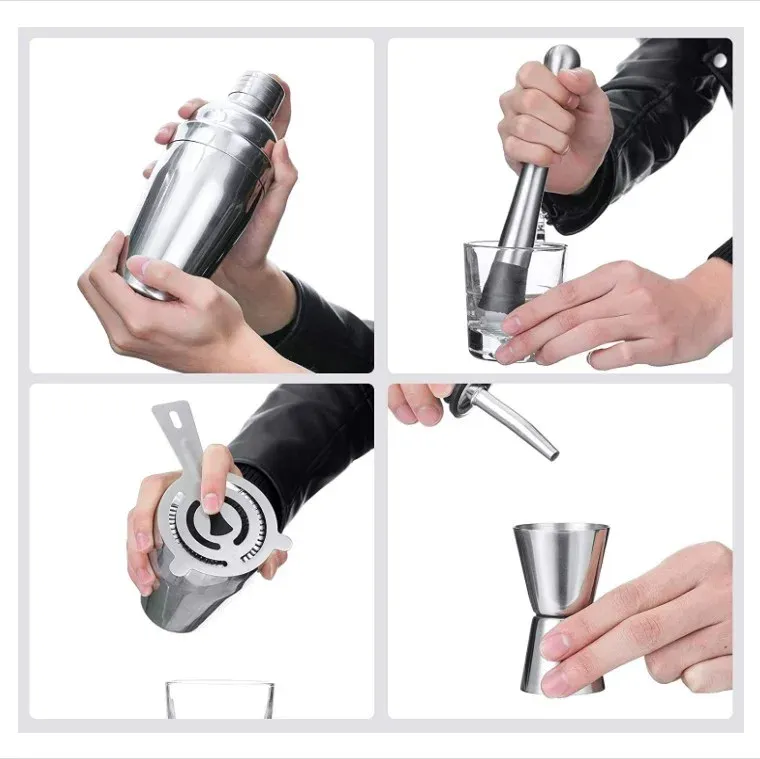 Four-photo collage showing the cocktail shaker in use with a muddler, a strainer and a jigger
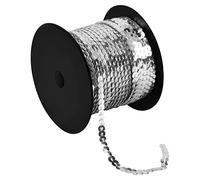 100 Yards Rouleaux de Paillettes Sequins, 6 mm Ruban Sequin pour Embellissements, PVC Garniture à paillettes, Paillettes Plates Bande pour Fabrication de Bijoux Bandeau Costume (Argent)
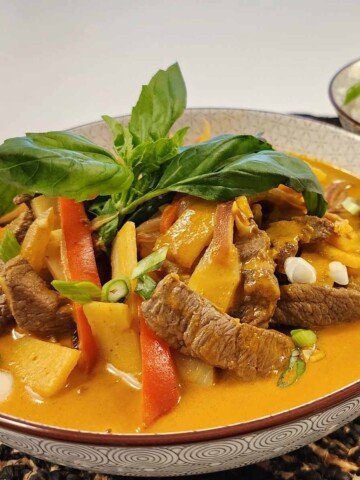 Thai Beef Red Curry with bowl of rice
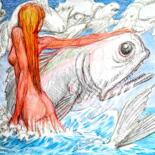 Dessin intitulée "Mermaid and A Sea G…" par Edwin Loftus, Œuvre d'art originale, Pastel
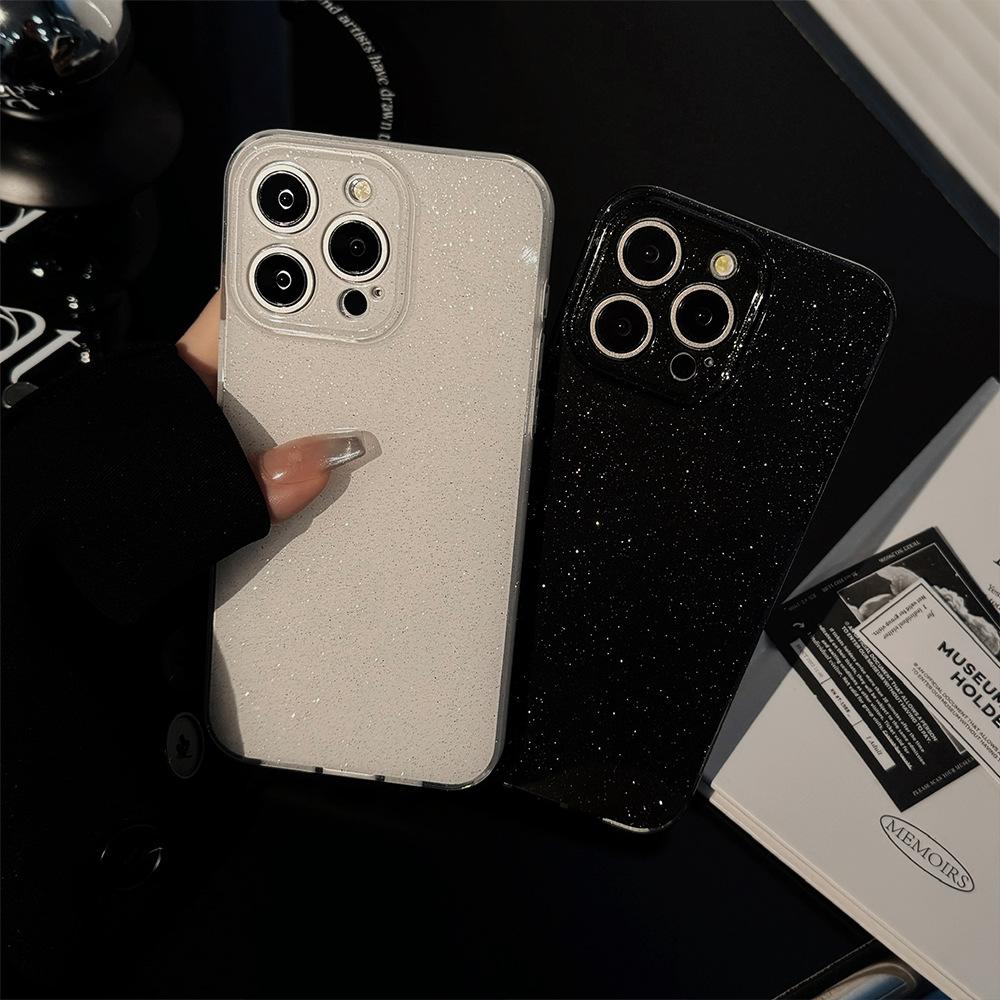 Double-layer glitter 17 iPhone 16 phone case 15pro max simple iphone13 soft 14pro full cover 11 compatible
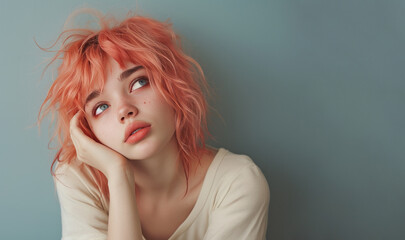 A cute young girl with pink hair is posing on a grey background, in a colorist style, with light orange and light indigo colors, featuring volumetric lighting, with a smokey background. - obrazy, fototapety, plakaty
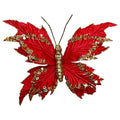CF- MHC80 - MARIPOSA DECORATIVA ROJA CON LENTEJUELAS (600/1)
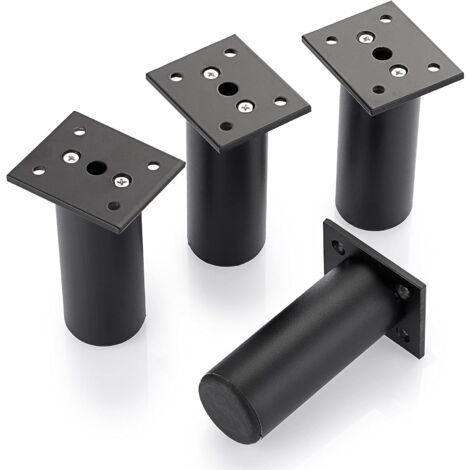 gambe regolabili per mobili, gambe del letto, gambe per mobili, in lega di alluminio, per base letto, armadio, tavolo (nero, altezza 100 mm) (1/5)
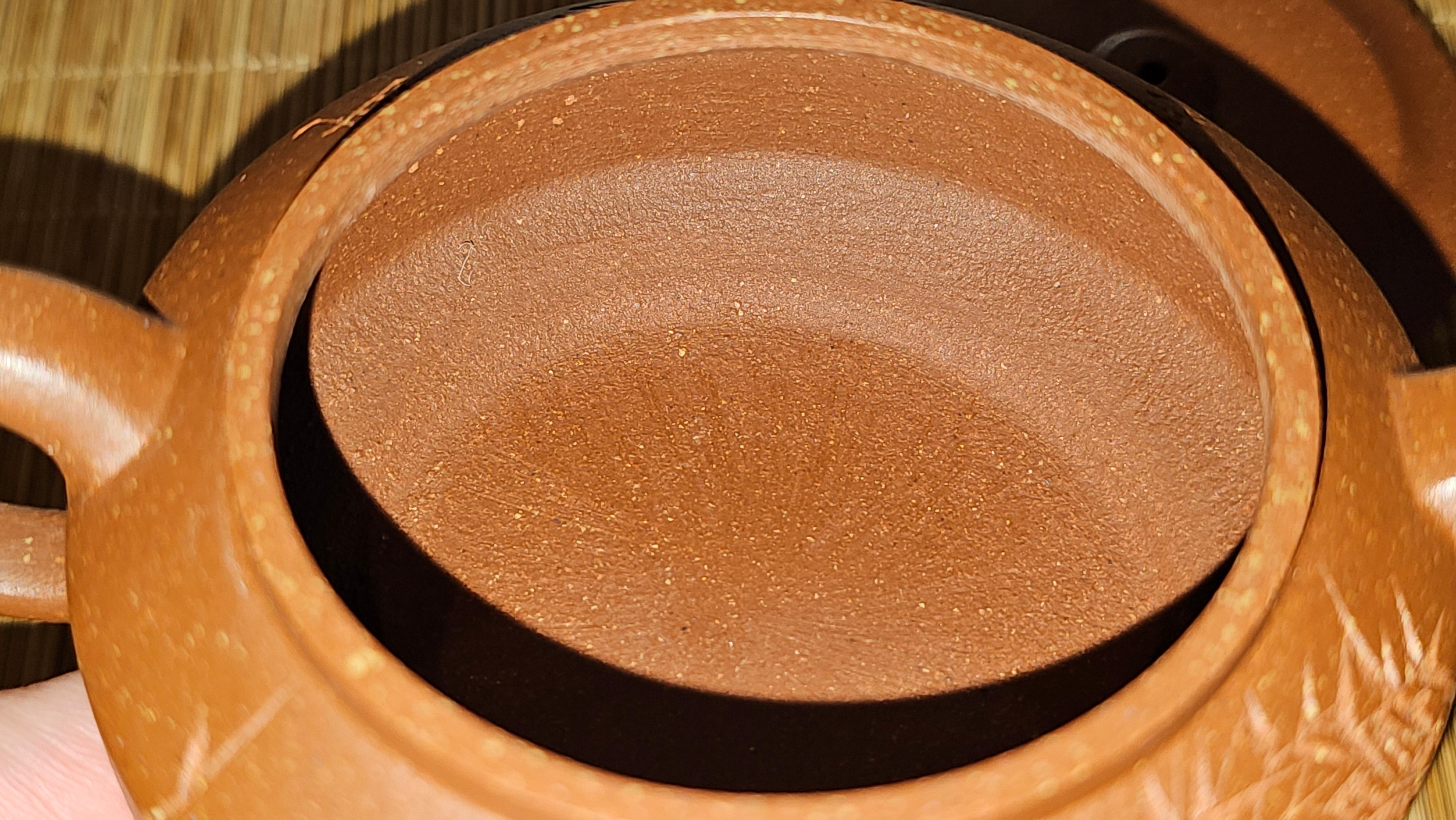 Zhou Pan《周盘》, 167.3ml, Hong Jiang Po Ni 红降坡泥, by Craftsman Zhu Shu 朱舒!~Engraving of Bamboos and Verse by Craftsman Mu Shan 牧山 ~ Congratulations!to Dr L.L, 1520hrs 9th Oct 2025, Ventura, CA!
━━━━
• Exercise objective: Only what runs from the line containing "CF- MHC80 - MARIPOSA" through the end of the entries above should be extracted, exactly and without pictures.

• The answer:
CF- MHC80 - MARIPOSA DECORATIVA ROJA CON LENTEJUELAS (600/1)
 gambe regolabili per mobili, gambe del letto, gambe per mobili, in lega di alluminio, per base letto, armadio, tavolo (nero, altezza 100 mm) (1/5)
 Zhou Pan《周盘》, 167.3ml, Hong Jiang Po Ni 红降坡泥, by Craftsman Zhu Shu 朱舒!~Engraving of Bamboos and Verse by Craftsman Mu Shan 牧山 ~ Congratulations!to Dr L.L, 1520hrs 9th Oct 2025, Ventura, CA!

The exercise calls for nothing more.